_Task prompt_
From the first line of the data through the line containing "KALINI Plus Size", transcribe each line exactly. Pictures do not belong in the copy.
[Opening Data excerpts section]
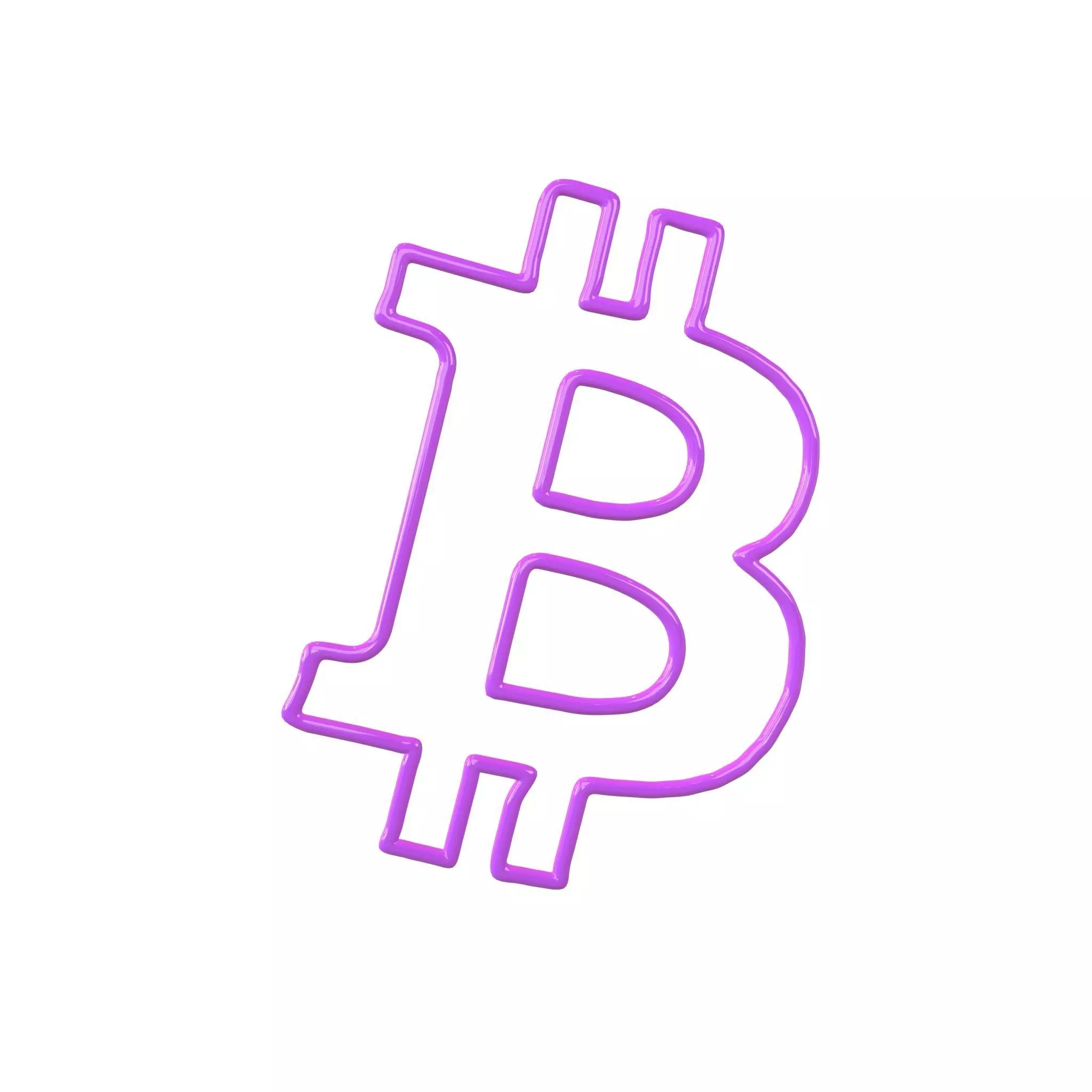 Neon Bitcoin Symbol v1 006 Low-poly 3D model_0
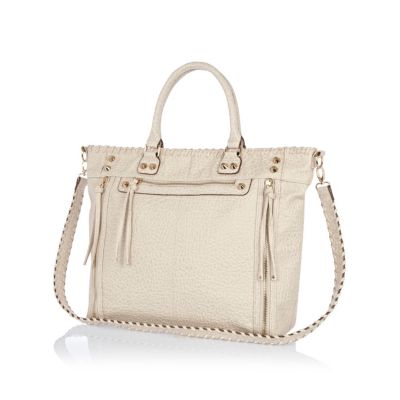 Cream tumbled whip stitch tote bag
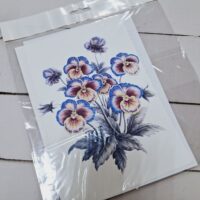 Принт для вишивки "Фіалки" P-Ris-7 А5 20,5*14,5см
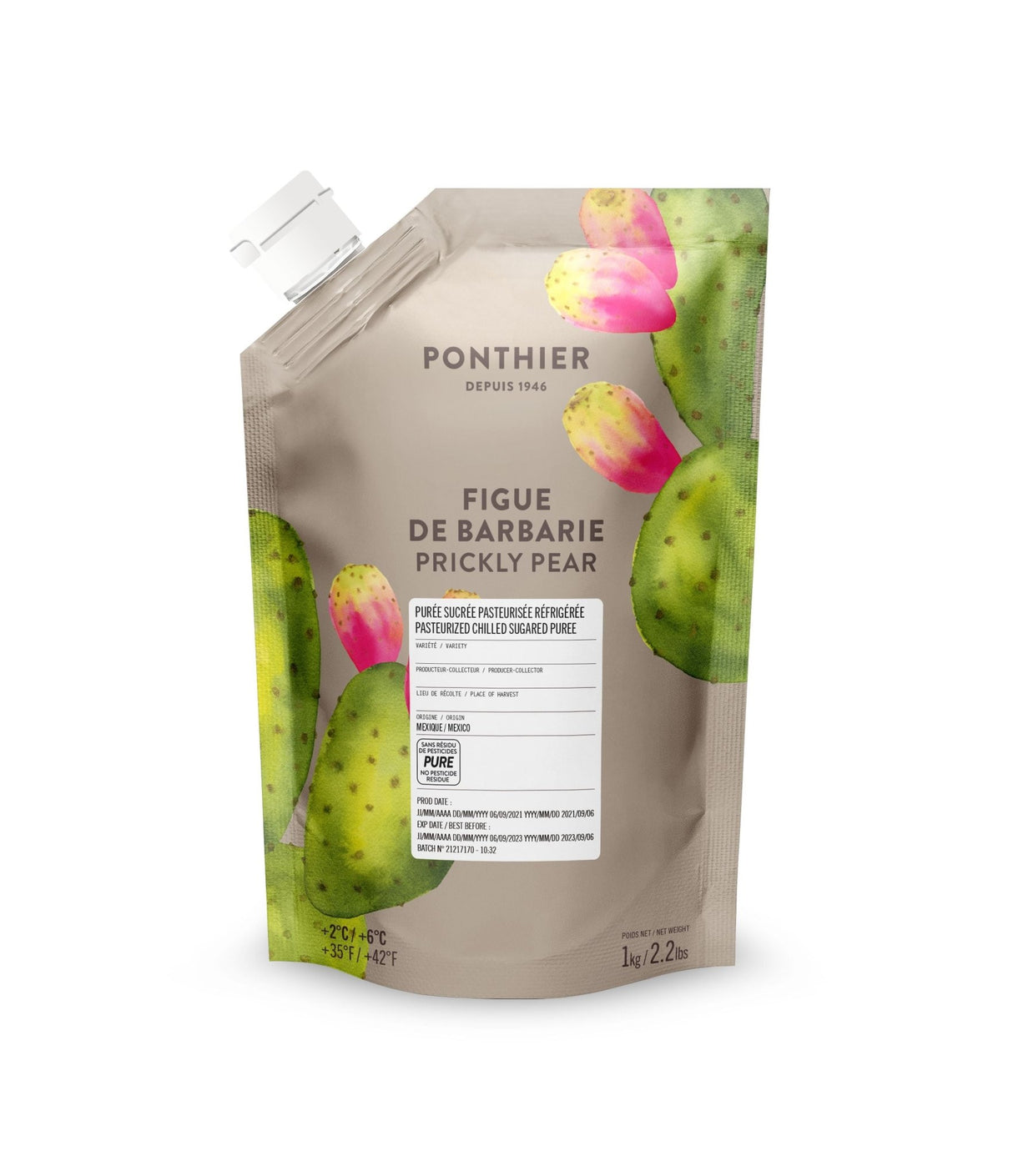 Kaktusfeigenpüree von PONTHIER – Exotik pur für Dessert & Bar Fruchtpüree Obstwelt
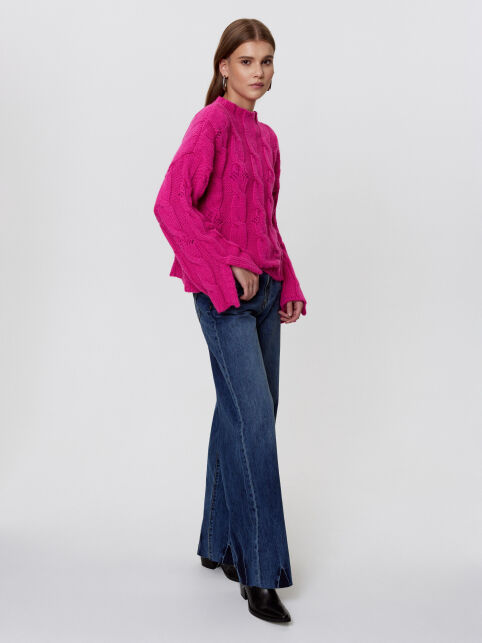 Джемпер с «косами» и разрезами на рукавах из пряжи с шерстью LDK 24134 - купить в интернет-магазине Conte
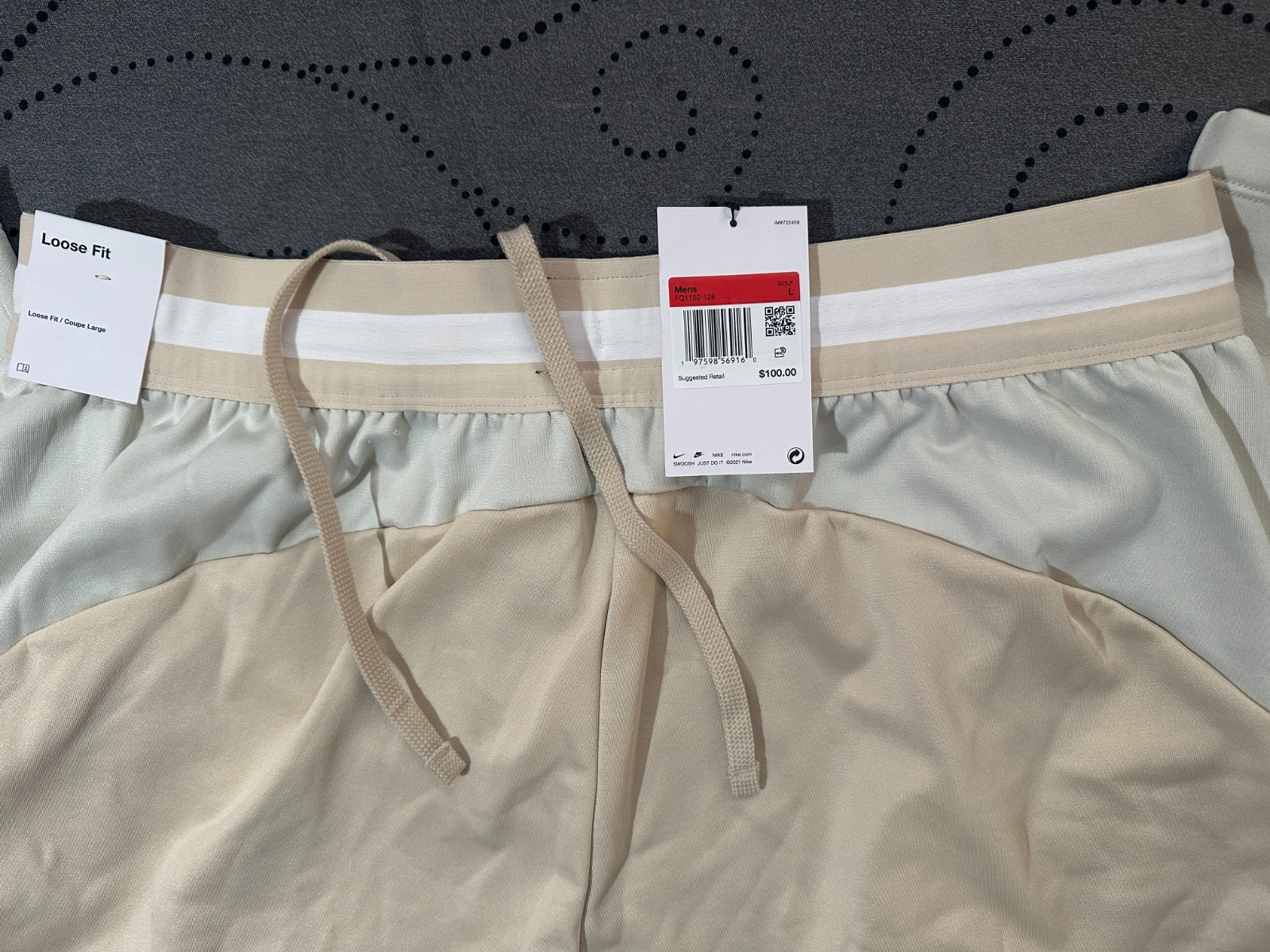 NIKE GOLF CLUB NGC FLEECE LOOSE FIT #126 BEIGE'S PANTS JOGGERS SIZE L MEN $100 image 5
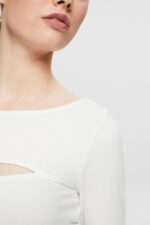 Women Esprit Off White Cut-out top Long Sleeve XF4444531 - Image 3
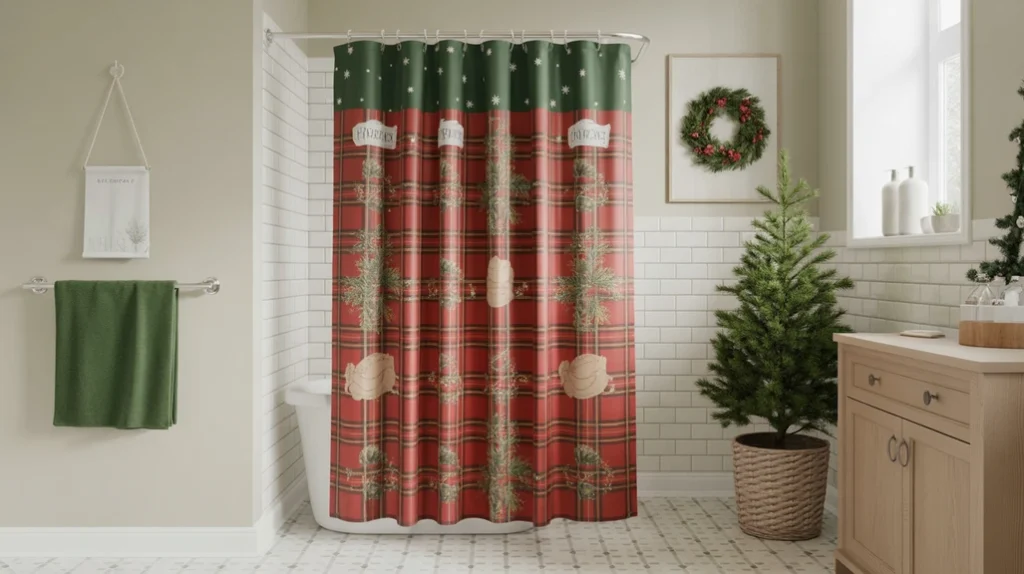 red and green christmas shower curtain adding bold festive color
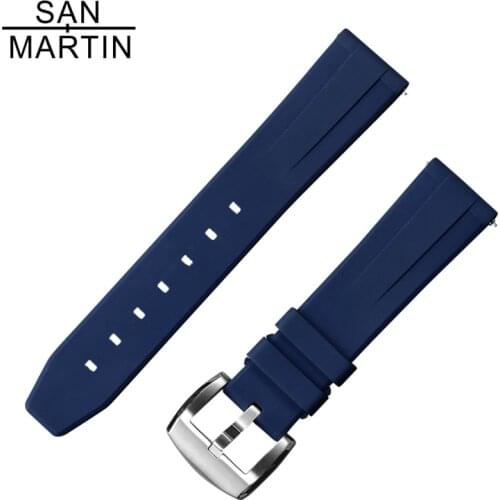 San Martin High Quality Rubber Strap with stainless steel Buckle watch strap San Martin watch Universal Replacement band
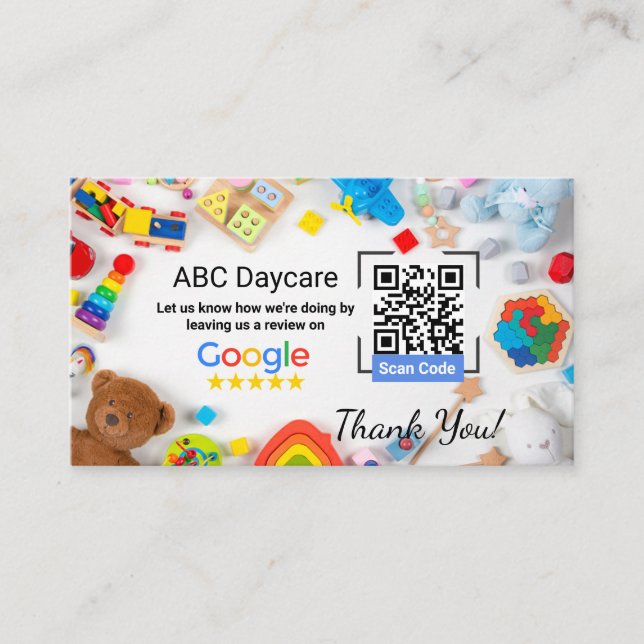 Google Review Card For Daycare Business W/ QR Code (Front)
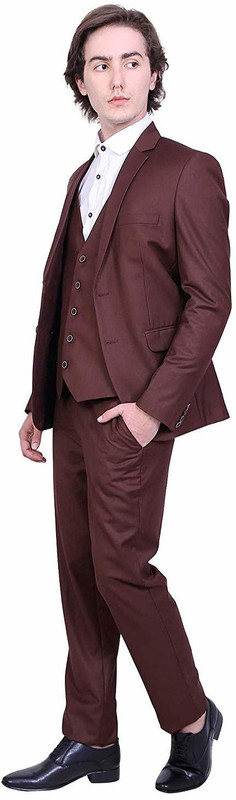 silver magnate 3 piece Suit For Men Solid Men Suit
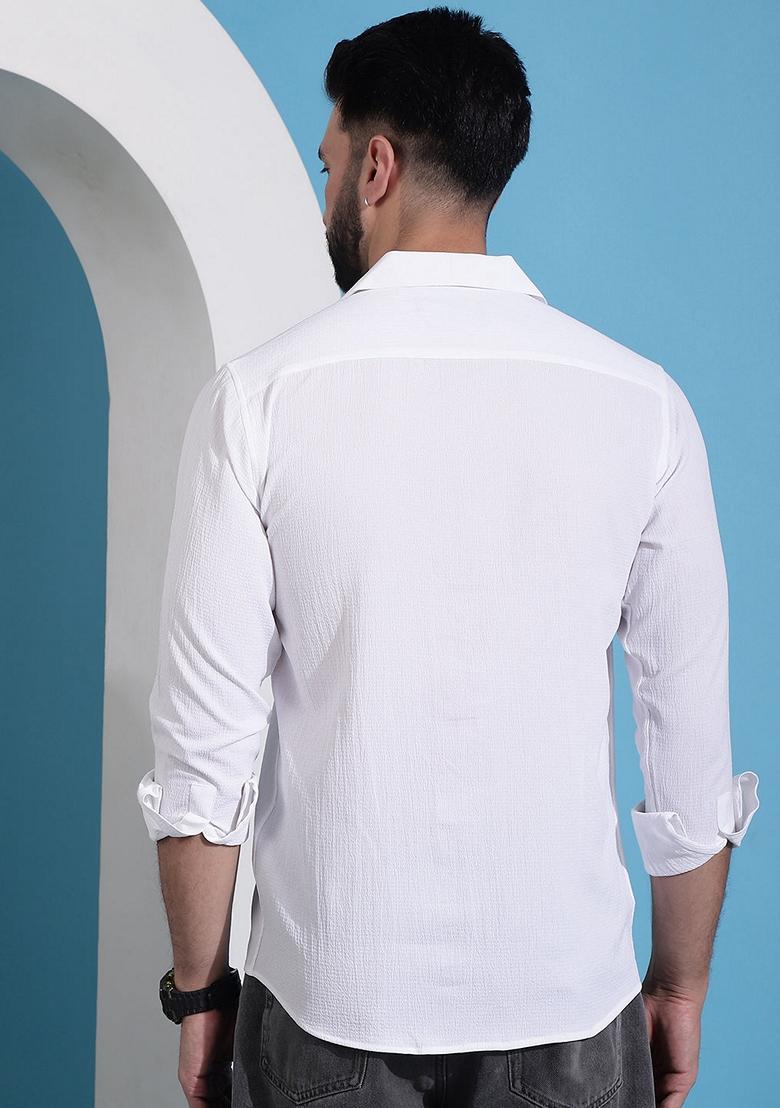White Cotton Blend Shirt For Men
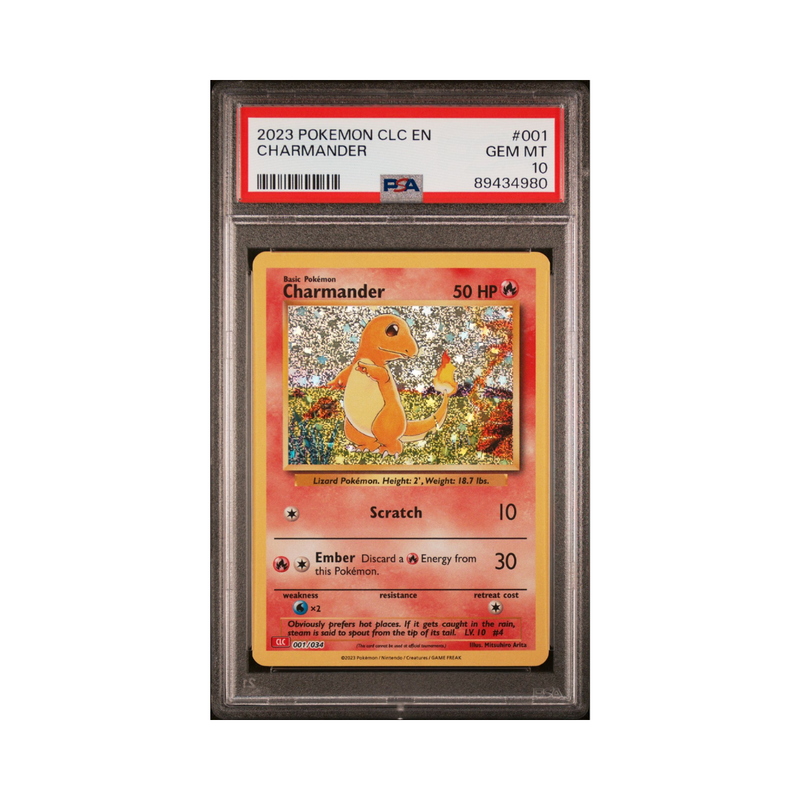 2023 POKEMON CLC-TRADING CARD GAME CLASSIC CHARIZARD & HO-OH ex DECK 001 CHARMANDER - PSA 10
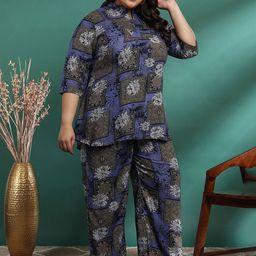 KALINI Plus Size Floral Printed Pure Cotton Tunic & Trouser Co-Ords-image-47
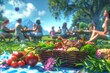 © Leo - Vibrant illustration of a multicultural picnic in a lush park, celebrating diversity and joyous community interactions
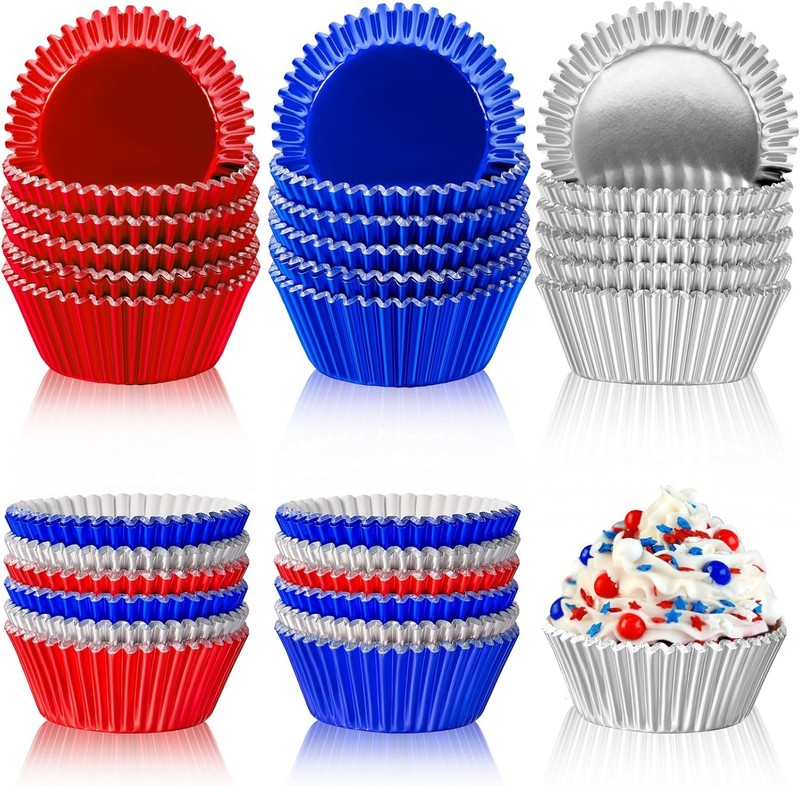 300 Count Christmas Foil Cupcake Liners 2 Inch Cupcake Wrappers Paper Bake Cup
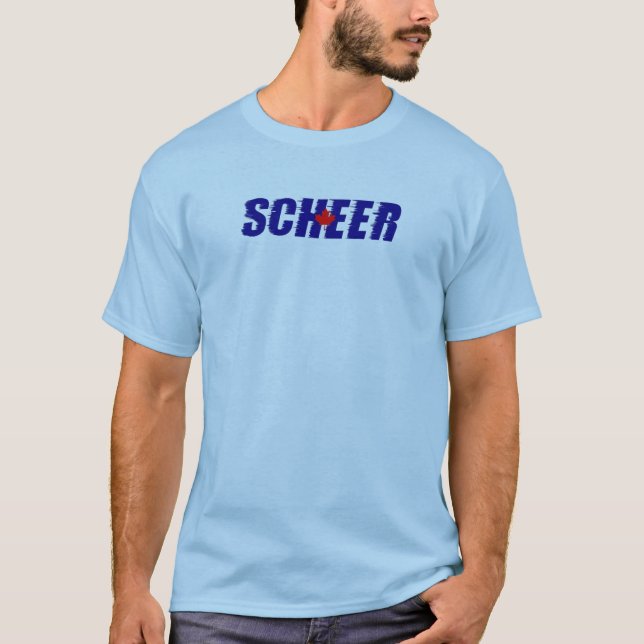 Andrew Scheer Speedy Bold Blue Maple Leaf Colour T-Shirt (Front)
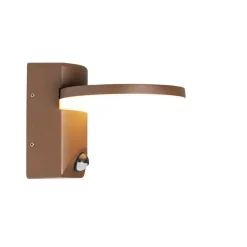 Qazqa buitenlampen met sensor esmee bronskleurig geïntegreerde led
[Closing Data excerpts section]
_Response area_
 Neon Bitcoin Symbol v1 006 Low-poly 3D model_0
 Cream tumbled whip stitch tote bag
 Принт для вишивки "Фіалки" P-Ris-7 А5 20,5*14,5см
 Kaktusfeigenpüree von PONTHIER – Exotik pur für Dessert & Bar Fruchtpüree Obstwelt
 Джемпер с «косами» и разрезами на рукавах из пряжи с шерстью LDK 24134 - купить в интернет-магазине Conte
 NIKE GOLF CLUB NGC FLEECE LOOSE FIT #126 BEIGE'S PANTS JOGGERS SIZE L MEN $100 image 5
 Women Esprit Off White Cut-out top Long Sleeve XF4444531 - Image 3
 red and green christmas shower curtain adding bold festive color
 San Martin High Quality Rubber Strap with stainless steel Buckle watch strap San Martin watch Universal Replacement band
 Google Review Card For Daycare Business W/ QR Code (Front)
 silver magnate 3 piece Suit For Men Solid Men Suit
White Cotton Blend Shirt For Men
 2023 POKEMON CLC-TRADING CARD GAME CLASSIC CHARIZARD & HO-OH ex DECK 001 CHARMANDER - PSA 10
 KALINI Plus Size Floral Printed Pure Cotton Tunic & Trouser Co-Ords-image-47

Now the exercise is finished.